An experiment you could make with a good stereo editor program, just to see if it makes any improvement-- Try to find a good quality steep lowpass filter plugin. A good "brickwall" filter. I am not familiar with current plugins and can't recommend one to try.

Rather than samplerate converting your source files, stay at 44.1 k or 48 k or whatever you usually use. Try brickwall filtering the file before low bitrate encode to see if it helps. You could try 10 kHz and then 5 kHz or lower. Regardless the quality of your encode tool samplerate conversion, if you wipe out high frequencies before sending to the encode tool then maybe it will help and maybe not. Needs experiment to determine.

At the very least, frequencies above nyquist need wiping out, but maybe a little lower than nyquist could help.

I mentioned "noisy high frequencies" such as cymbal, afuche, tamborine or whatever. POSSIBLY a codec could do better with (below nyquist) "pitched high frequencies". Or possibly the codec would mess up just as bad on pitched high freqs. That would be an interesting experiment.

If codecs at low bitrate really can do better with pitched high freqs, then it might be possible to locate or write a plugin somehow able to discern between noisy highs vs pitched highs, attenuating one and not the other. Merely a possibility, perhaps not a likely possibility.
Last edited by JCJR on Mon Nov 20, 2017 5:57 am, edited 1 time in total.

Post

A possible way to experiment to find if transient manipulation could make low bitrate encode more listenable--

There are many transient processor plugins. I've not experimented with such but kept meaning to maybe write one sometime, probably won't get around to it.

Compressors and limiters can reduce level of LOUD transients above your preset threshold, but a well-done transient processor ought to be able to exaggerate or minimize both loud transients in loud parts of the music, and also quieter transients in quieter parts of the music. That is because the "typical" transient processor apparently uses a "floating threshold" of the average amplitude of the music "right now". So if we are in a loud section of music, a transient is a section even louder than usual. But if we are in a quiet section of music, a transient is whatever short sections happen to be louder than the current quiet level.

You could try reducing transients a little, and then more so, and then a lot, and encode the various processed versions to discover whether reduction of transients manages to make low bitrate encode less annoying to the ear. No way to know without experimentation.

I'm wildly guessing that high-mid and high frequency transients might be more problematic to a low bitrate encode, and low frequency or mid frequency transients would be less problematic to the codec. If that is so, then a frequency-specific transient processor might be a better tool, only reducing transients in high-mids and highs where the codec tends to distort and splatter. There are many transient plugins and surely some of them are multi-band but I don't know what is available and which ones are any good.

There may be that capability in some Dynamic EQ plugins, though perhaps the typical Dynamic EQ would be a frequency selective compressor rather than frequency selective transient processor. I think it possible that a low bitrate encode that wants to splatter transients might splatter quiet transients as well as loud transients, so a frequency selective transient processor might be the thing.
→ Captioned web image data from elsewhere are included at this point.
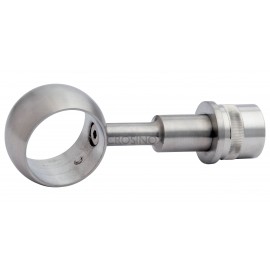 Držák madla, připojení na trubku O 42,4x2,0 mm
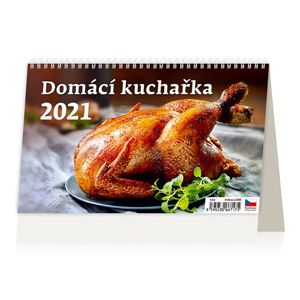 Kalendář stolní 2021 - Domácí kuchařka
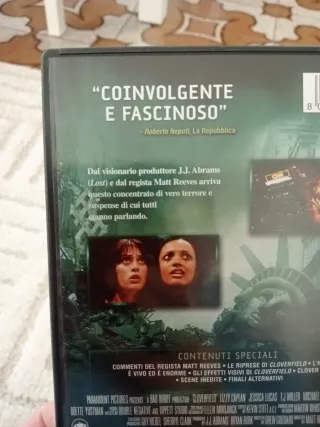 DVD Cloverfield - Film di suspense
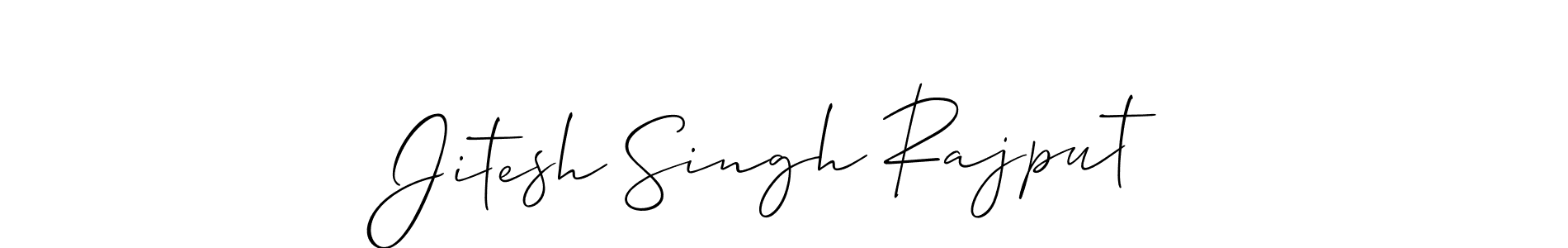 You can use this online signature creator to create a handwritten signature for the name Jitesh Singh Rajput. This is the best online autograph maker. Jitesh Singh Rajput signature style 2 images and pictures png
However, a broadband transient processor might be good enough for initial experimentation, just to find out whether modifying transients makes enough improvement to bother with. It might turn out entirely unproductive, can't know without test.

Post

BertKoor wrote:Imho it is far more economical to:
1. Invest in storage and bandwith. Both are insanely cheap nowadays. Do the math: how much storage and bandwith can you get for, say, $1000? And how much TB do you really need?
2. Switch to a better encoder than WMA9. I'd recommend AAC which offers better quality than MP3 with lower bitrates.
We have dived into the encoding question, not with much concrete results.

What about the other option: make a compromise in bandwith & storage space. Could you elaborate on why 32kbps @ 32kHz sampling rate is a hard requirement? What would the real life consequenses be when the bitrate & sampling rate were somewhat higher, but elevating the need for preprocessing to counteract encoding artefacts?
We are the KVR collective. Resistance is futile. You will be assimilated. Image
My MusicCalc is served over https!!

Post

Got interested in this topic.. but I fail to understand the need for anything to be compatible with Windows 95? Please explain what this is about... :)

There are better options if you got old hardware. Alot of linux distributions, even Win XP Embedded (still got support).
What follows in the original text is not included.